Schaller David, Christ Clara D, Chodera John D, Volkamer Andrea
In Silico Toxicology and Structural Bioinformatics, Institute of Physiology, Charité-Universitätsmedizin Berlin, corporate member of Freie Universität Berlin and Humboldt-Universität zu Berlin, Augustenburger Platz 1, 13353 Berlin, Germany.
Computational and Systems Biology Program, Sloan Kettering Institute, Memorial Sloan Kettering Cancer Center, New York, NY 10065, USA.
bioRxiv. 2023 Sep 14:2023.09.11.557138. doi: 10.1101/2023.09.11.557138.
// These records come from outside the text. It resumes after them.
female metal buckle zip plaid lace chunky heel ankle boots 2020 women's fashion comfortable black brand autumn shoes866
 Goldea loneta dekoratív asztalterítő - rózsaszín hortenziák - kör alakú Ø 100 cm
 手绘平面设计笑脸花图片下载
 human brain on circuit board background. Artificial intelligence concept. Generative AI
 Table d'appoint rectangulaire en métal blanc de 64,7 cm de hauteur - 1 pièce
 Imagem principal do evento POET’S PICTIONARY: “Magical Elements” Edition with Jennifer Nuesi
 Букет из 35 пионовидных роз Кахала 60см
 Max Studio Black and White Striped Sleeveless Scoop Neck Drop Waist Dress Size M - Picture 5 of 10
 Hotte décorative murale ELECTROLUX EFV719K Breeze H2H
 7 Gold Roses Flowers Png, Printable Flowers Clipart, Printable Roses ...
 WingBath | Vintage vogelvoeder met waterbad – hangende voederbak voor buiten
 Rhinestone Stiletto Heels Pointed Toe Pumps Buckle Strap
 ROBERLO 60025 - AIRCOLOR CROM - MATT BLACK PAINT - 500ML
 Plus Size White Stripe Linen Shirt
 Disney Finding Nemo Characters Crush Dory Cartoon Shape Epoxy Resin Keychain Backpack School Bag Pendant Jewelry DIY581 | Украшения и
In recent years machine learning has transformed many aspects of the drug discovery process including small molecule design for which the prediction of the bioactivity is an integral part. Leveraging structural information about the interactions between a small molecule and its protein target has great potential for downstream machine learning scoring approaches, but is fundamentally limited by the accuracy with which protein:ligand complex structures can be predicted in a reliable and automated fashion. With the goal of finding practical approaches to generating useful kinase:inhibitor complex geometries for downstream machine learning scoring approaches, we present a kinase-centric docking benchmark assessing the performance of different classes of docking and pose selection strategies to assess how well experimentally observed binding modes are recapitulated in a realistic cross-docking scenario. The assembled benchmark data set focuses on the well-studied protein kinase family and comprises a subset of 589 protein structures co-crystallized with 423 ATP-competitive ligands. We find that the docking methods biased by the co-crystallized ligand-utilizing shape overlap with or without maximum common substructure matching-are more successful in recovering binding poses than standard physics-based docking alone. Also, docking into multiple structures significantly increases the chance to generate a low RMSD docking pose. Docking utilizing an approach that combines all three methods (Posit) into structures with the most similar co-crystallized ligands according to shape and electrostatics proofed to be the most efficient way to reproduce binding poses achieving a success rate of 66.9 % across all included systems. The studied docking and pose selection strategies-which utilize the OpenEye Toolkit-were implemented into pipelines of the KinoML framework allowing automated and reliable protein:ligand complex generation for future downstream machine learning tasks. Although focused on protein kinases, we believe the general findings can also be transferred to other protein families.
近年来,机器学习改变了药物发现过程的许多方面,包括小分子设计,而生物活性预测是其中不可或缺的一部分。利用小分子与其蛋白质靶点之间相互作用的结构信息,对下游机器学习评分方法具有巨大潜力,但从根本上受到能否以可靠且自动化的方式预测蛋白质-配体复合物结构准确性的限制。为了找到切实可行的方法,为下游机器学习评分方法生成有用的激酶-抑制剂复合物几何结构,我们提出了一个以激酶为中心的对接基准,评估不同类别的对接和构象选择策略的性能,以评估在实际交叉对接场景中实验观察到的结合模式的重现程度。组装的基准数据集聚焦于研究充分的蛋白激酶家族,包含与423种ATP竞争性配体共结晶的589个蛋白质结构的子集。我们发现,受共结晶配体偏倚的对接方法——利用形状重叠或不利用最大公共子结构匹配——在恢复结合构象方面比单独的基于标准物理的对接更成功。此外,对接多个结构显著增加了生成低均方根偏差对接构象的机会。根据形状和静电将结合所有三种方法(Posit)对接至具有最相似共结晶配体的结构中,被证明是重现结合构象的最有效方法,在所有纳入系统中成功率达到66.9%。所研究的对接和构象选择策略——利用OpenEye工具包——已被纳入KinoML框架的流程中,可为未来下游机器学习任务自动且可靠地生成蛋白质-配体复合物。尽管聚焦于蛋白激酶,但我们相信这些一般性发现也可应用于其他蛋白质家族。